La questione commerciale rende più cupo il clima in Svizzera, e finisce per indebolire il franco. All’inizio del mese è entrata in vigore la tariffa del 39% imposta da Trump sulla Svizzera, l’aliquota più alta applicata a qualsiasi economia sviluppata. Questa tariffa rappresenta una grave minaccia per le imprese e l’economia elvetica, visto che gli Stati Uniti rappresentano circa il 17% delle esportazioni totali del Paese.
Una telefonata con la presidente elvetica Karin Keller-Sutter sarebbe andata malissimo, scavando una frattura profonda tra i due “numeri uno”. Tuttavia i funzionari svizzeri stanno cercando di raggiungere un’intesa con l’amministrazione Trump, con l’obiettivo di garantire un nuovo accordo entro ottobre.

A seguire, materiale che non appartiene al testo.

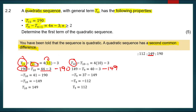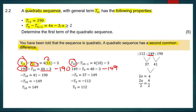Now that I have three terms, I find the first differences: 149 minus 112 gives 37, and 190 minus 149 gives 41. To find the second common difference, I take 41 minus 37, which equals 4. The second common difference always equals 2a, so 2a equals 4. Dividing both sides by 2, a equals 2.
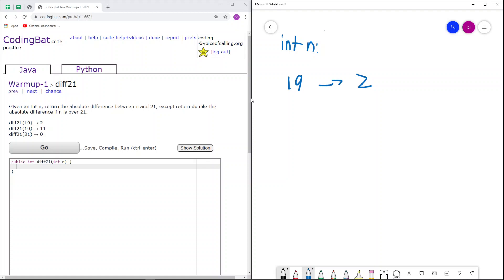Next, we have the case n equals 10. Again, 10 is not greater than 21, because 10 is less than 21. As a result, the absolute difference between 21 and 10 is 21 minus 10, or 11, which is what we return.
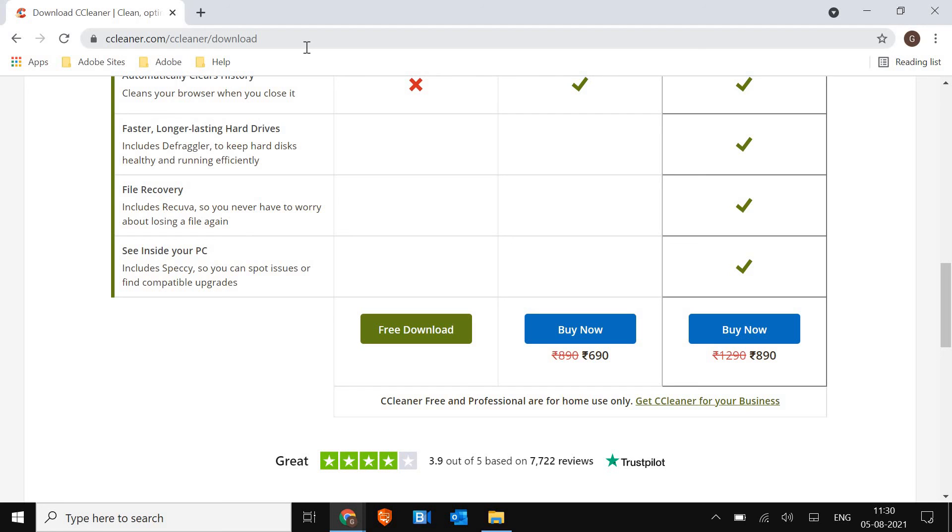Let me know in the comment section if you have any suggestion or if you have any kind of query, which application you like better. Let me know in the comment section. I'll see you in the next video, have a wonderful day.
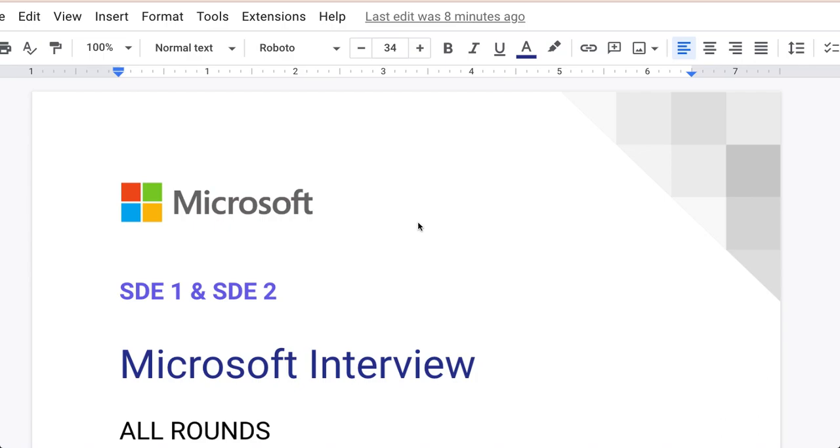Hello friends, today we're going to see another company interview which is Microsoft, a world top product-based company. We'll see this for SD1 and SD2, mainly focused on SD2 because the person who has experience more than five years will face such type of interviews. We're going to discuss entire rounds, all the rounds basically.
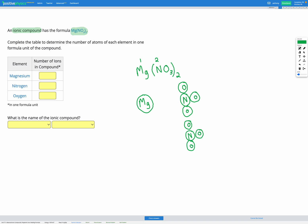Then for oxygen, it has 3 in the NO3 polyatomic ion, and there's 2 sets of those. So we've got 1, 2, 3, 4, 5, 6 oxygens in total.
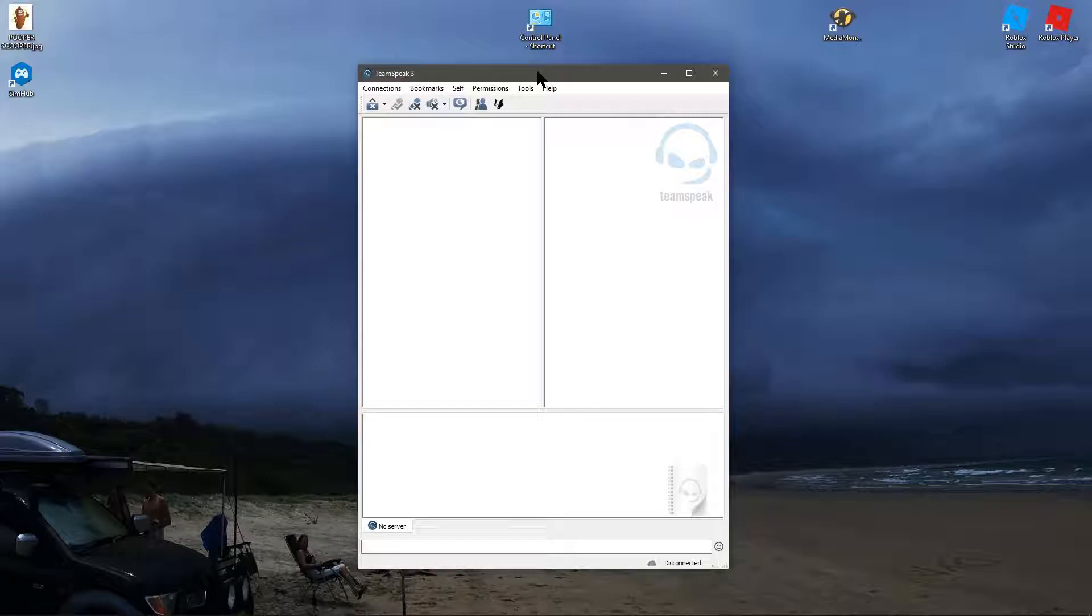TeamSpeak 3 settings, connection bookmarks, tools, all the rest of it. Just going to have a quick run through, tell you how to get the most out of it and set it up.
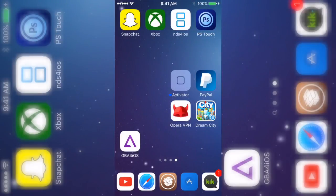That's it for this video. Like, share with your friends, subscribe, and for the next video I'm going to show you how you can use this app even if it's not signed. Peace.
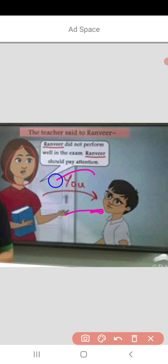This is a scene from Ranveer's classroom. Here the teacher said to Ranveer that Ranveer did not perform well in the exam and Ranveer should pay attention. As Ranveer is a name of a person, it is a noun, and here Ranveer is repeated again and again. So what we need to do is use a pronoun in place of Ranveer. Here the teacher is speaking and referring to Ranveer — she is talking to Ranveer, and Ranveer is the person spoken to.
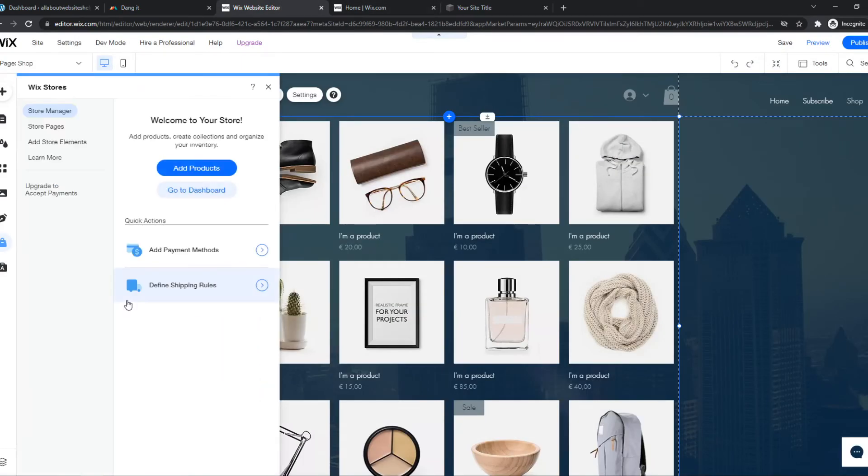As you can see, we can hit Get Started right now. Now we have basically set up this Wix app. So we can hit Add Products right here.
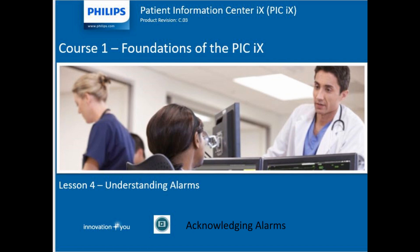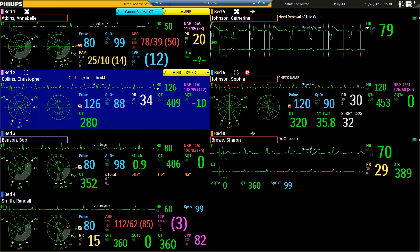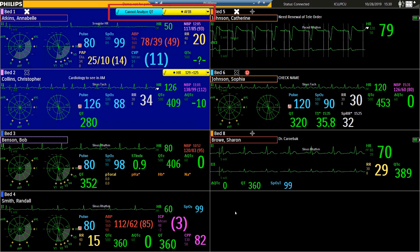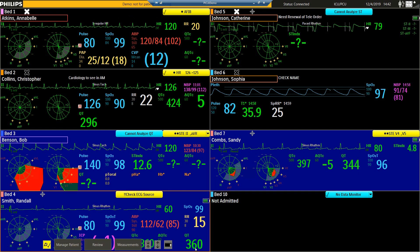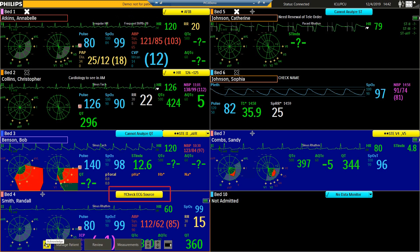Now that we've looked at the types of alarms that we may receive, let's look at how to acknowledge them. Active alarm messages will display in the alarm areas at the top of the patient sector and in the patient windows. The alarming condition will display in the banner.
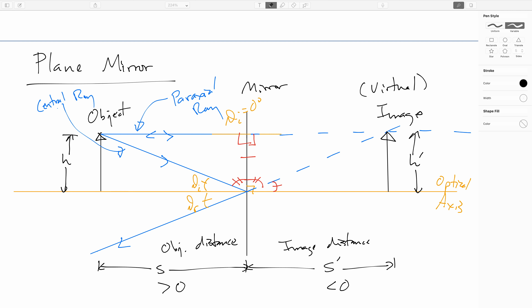In the next video, we'll take a look at what happens if our mirrors are curved and see how we can form images then.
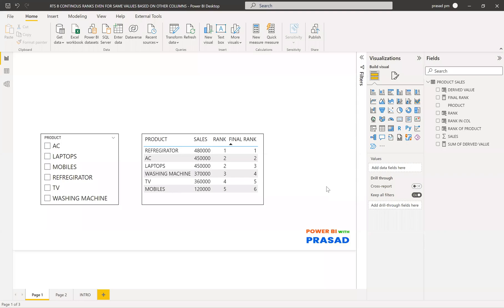Hi friends, my name is Prasad. You're watching Power BI with Prasad. Today I come up with a new real-time scenario. Let's go with that.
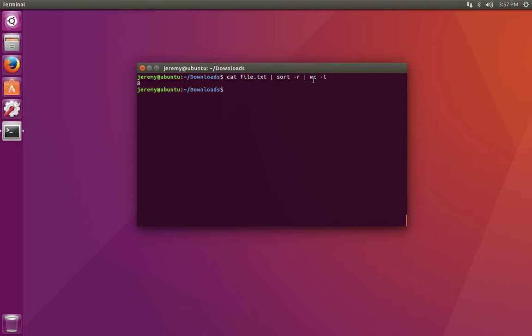The third program doesn't have a pipe symbol after it, so it just passes the output to standard out, which is our monitor.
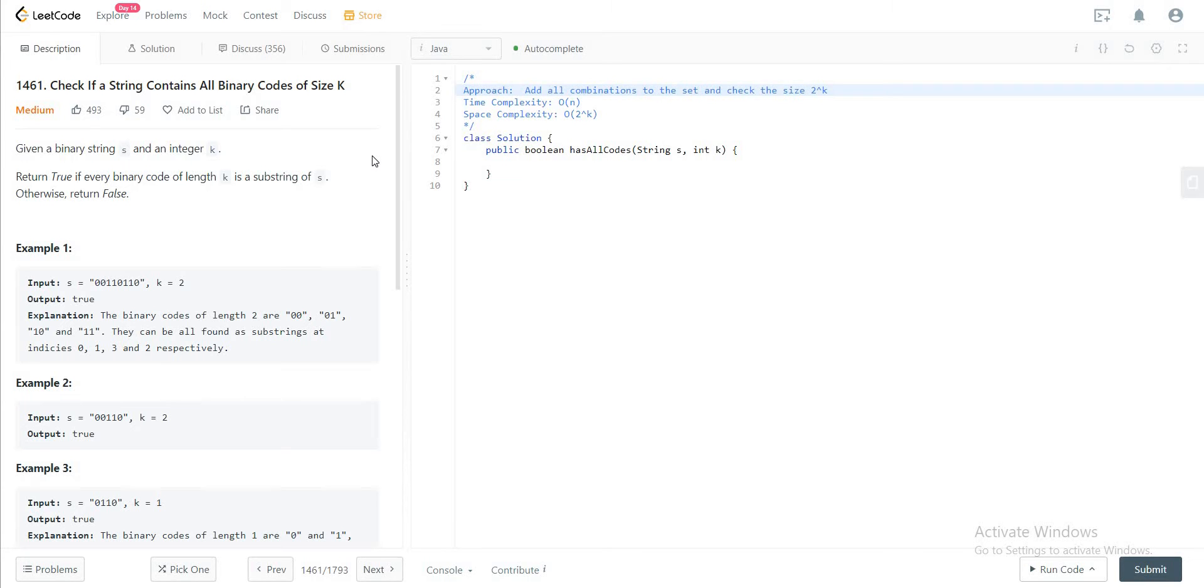Hey folks, welcome back to another video. Today we are looking at question 1461, check if a string contains all binary codes of size k.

Ma intanto l’indice del sentiment degli investitori svizzeri è crollato a -53,8 ad agosto, il livello più basso da novembre 2022, proprio per via dei dazi statunitensi.
Nel frattempo, l’inflazione è rimasta ben al di sotto dell’obiettivo del 2% della Banca nazionale svizzera, mentre i dati flash hanno mostrato che il PIL è cresciuto a malapena nel secondo trimestre, rafforzando la tesi di un ulteriore allentamento monetario da parte della BNS, che potrebbe riportare i tassi di interesse in territorio negativo.
In questo scenario, il franco svizzero viaggia verso 0,805 per dollaro (), ma continua a muoversi in un canale laterale compreso tra 0,800 e 0,811 da circa un mese.
Da inizio anno il franco si è apprezzato del 12%, acquisendo una forza notevole che preoccupa la BNS (un franco troppo forte penalizza ulteriormente l’export).